2019-11-02 16:25:56丨portuguese.xinhuanet.com

Brasília, 1º nov (Xinhua) -- A Polícia Federal brasileira deflagrou nesta sexta-feira a Operação Mácula com o objetivo de investigar um petroleiro grego suspeito de derramar o óleo que causou o maior desastre ambiental já registrado na costa brasileira, afetando mais de 250 praias do litoral nordeste do país.

"O barco grego está vinculado inicialmente a uma companhia da mesma nacionalidade, mas ainda não há dados sobre a propriedade do petróleo transportado pela embarcação, o que significa que as investigações devem continuar", informou a PF que cumpriu na sexta-feira dois mandados de busca e apreensão no Rio de Janeiro na sede dos supostos representantes e contatos da empresa grega no Brasil.

A investigação do vazamento de óleo começou em setembro e conta com a participação da Marinha, Ministério Público Federal, Instituto Brasileiro do Meio Ambiente, Agência Nacional do Petróleo, Universidade Federal da Bahia, Universidade de Brasília e Universidade Estadual do Ceará, além de uma empresa privada especializada em geointeligência.

O petroleiro suspeito é o Bouboulina, da empresa DeltaTankers e que foi carregado com um milhão de barris de petróleo no Porto de José, na Venezuela, de onde zarpou no dia 18 de julho e seguiu com destino à Malásia e passou a oeste do litoral do Estado da Paraíba em 28 de julho.

As investigações do governo brasileiro apontam que a primeira mancha no oceano foi registrada em 29 de julho, a 733 km da costa da Paraíba e que as primeiras praias afetadas foram as da cidade paraibana de Conde, em 30 de agosto.
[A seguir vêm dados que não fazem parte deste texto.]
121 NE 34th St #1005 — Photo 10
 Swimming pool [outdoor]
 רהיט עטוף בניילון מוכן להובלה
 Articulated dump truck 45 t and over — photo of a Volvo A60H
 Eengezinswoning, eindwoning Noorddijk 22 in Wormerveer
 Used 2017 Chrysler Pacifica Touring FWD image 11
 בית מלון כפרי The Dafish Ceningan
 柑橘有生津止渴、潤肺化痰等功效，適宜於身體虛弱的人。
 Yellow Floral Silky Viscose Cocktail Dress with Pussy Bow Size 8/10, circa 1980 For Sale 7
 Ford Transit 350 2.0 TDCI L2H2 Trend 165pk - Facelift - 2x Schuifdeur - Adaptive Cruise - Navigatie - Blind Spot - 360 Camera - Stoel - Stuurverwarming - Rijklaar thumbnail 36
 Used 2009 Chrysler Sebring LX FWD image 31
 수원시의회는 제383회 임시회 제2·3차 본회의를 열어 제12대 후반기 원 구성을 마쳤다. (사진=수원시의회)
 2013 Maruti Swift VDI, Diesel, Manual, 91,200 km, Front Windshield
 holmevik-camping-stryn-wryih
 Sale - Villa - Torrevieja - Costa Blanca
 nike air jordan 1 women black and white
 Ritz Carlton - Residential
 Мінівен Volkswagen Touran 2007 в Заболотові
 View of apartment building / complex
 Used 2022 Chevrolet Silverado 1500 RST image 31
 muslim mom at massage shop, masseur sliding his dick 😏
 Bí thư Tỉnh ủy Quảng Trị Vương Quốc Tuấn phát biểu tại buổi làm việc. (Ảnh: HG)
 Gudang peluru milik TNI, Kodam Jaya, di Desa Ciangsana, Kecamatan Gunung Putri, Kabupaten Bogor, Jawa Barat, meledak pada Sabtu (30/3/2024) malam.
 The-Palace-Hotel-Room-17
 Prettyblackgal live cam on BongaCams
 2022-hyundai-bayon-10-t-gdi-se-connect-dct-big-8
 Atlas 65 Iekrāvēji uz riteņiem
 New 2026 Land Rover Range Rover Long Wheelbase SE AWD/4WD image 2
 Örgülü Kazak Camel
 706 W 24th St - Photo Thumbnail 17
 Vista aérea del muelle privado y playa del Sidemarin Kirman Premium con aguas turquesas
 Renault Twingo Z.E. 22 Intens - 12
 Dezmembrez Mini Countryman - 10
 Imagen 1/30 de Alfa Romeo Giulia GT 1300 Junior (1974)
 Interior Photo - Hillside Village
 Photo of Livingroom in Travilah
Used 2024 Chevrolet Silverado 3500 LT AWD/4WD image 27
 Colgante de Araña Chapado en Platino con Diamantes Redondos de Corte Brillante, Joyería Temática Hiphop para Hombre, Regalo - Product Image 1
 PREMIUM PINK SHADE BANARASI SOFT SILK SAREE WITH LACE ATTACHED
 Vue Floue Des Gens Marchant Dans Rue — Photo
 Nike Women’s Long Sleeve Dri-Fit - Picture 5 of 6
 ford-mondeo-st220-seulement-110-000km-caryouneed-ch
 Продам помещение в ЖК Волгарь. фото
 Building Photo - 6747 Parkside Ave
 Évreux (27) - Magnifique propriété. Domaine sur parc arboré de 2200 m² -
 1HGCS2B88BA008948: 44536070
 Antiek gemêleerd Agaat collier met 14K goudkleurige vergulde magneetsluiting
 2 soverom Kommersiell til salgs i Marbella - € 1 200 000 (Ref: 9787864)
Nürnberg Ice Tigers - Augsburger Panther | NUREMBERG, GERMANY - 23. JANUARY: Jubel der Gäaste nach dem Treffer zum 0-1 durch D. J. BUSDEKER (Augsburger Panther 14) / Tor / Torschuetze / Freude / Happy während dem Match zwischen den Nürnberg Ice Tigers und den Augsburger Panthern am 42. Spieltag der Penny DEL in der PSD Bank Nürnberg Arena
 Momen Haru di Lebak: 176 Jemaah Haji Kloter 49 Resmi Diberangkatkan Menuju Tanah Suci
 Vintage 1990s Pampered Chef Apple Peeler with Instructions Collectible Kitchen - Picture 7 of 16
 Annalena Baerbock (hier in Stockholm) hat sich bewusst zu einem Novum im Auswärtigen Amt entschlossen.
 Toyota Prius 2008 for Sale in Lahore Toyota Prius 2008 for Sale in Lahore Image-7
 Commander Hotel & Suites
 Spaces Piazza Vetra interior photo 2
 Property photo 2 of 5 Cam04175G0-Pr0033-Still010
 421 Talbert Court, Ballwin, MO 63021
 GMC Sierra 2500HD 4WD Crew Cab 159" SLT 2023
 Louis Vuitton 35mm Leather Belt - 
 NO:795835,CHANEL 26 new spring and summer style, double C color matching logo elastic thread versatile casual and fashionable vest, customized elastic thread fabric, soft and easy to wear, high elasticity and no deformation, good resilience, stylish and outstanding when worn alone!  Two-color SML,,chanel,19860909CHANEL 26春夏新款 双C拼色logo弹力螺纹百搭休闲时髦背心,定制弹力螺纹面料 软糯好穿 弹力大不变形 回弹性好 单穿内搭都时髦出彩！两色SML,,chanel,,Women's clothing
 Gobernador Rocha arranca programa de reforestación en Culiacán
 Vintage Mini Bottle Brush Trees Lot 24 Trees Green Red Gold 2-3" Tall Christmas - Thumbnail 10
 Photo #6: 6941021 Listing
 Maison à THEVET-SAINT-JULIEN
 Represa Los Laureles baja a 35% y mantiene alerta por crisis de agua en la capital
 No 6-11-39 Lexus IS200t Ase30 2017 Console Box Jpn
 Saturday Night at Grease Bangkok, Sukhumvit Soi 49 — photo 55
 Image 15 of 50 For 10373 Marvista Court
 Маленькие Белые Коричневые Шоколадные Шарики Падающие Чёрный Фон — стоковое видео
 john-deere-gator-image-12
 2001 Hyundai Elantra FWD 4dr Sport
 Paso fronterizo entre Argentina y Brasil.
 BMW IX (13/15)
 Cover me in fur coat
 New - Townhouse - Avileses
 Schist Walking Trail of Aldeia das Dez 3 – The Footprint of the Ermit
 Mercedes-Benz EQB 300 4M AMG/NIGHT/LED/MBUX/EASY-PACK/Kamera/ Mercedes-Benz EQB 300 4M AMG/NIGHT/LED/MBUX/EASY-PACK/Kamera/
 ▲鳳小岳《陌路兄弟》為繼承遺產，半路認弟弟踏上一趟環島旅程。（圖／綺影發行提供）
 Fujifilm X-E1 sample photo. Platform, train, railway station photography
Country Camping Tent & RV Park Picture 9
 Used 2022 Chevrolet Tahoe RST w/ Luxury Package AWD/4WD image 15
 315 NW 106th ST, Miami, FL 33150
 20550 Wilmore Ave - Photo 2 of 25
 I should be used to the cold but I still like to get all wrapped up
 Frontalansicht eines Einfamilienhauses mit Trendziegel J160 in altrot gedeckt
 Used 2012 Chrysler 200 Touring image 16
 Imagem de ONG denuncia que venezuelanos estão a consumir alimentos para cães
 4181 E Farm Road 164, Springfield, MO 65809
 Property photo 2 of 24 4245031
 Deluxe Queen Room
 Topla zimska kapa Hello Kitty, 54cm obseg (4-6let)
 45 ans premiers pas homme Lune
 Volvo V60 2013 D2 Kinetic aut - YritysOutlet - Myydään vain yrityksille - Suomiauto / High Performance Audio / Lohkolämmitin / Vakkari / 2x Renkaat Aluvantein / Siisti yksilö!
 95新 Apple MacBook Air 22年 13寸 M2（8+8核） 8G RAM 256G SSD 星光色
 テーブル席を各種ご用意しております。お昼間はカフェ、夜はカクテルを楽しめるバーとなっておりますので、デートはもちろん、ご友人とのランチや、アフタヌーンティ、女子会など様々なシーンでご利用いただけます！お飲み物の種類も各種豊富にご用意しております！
Segundo nota da Polícia Federal, "a partir da localização da mancha inicial, cujo derramamento ocorreu supostamente entre os dias 28 e 29 de julho, foi possível identificar o único navio petroleiro que navegou pela área suspeita, por meio do uso de técnicas de geointeligência e cálculos oceanográficos regressivos".

A PF informou ainda que estão sendo realizados diversos exames periciais no material oleoso que foi recolhido em todos os estados brasileiros atingidos, além de exames em animais mortos. Foi constatado que estes animais morreram por asfixia em decorrência do óleo, devido a similaridade de origem entre as amostras.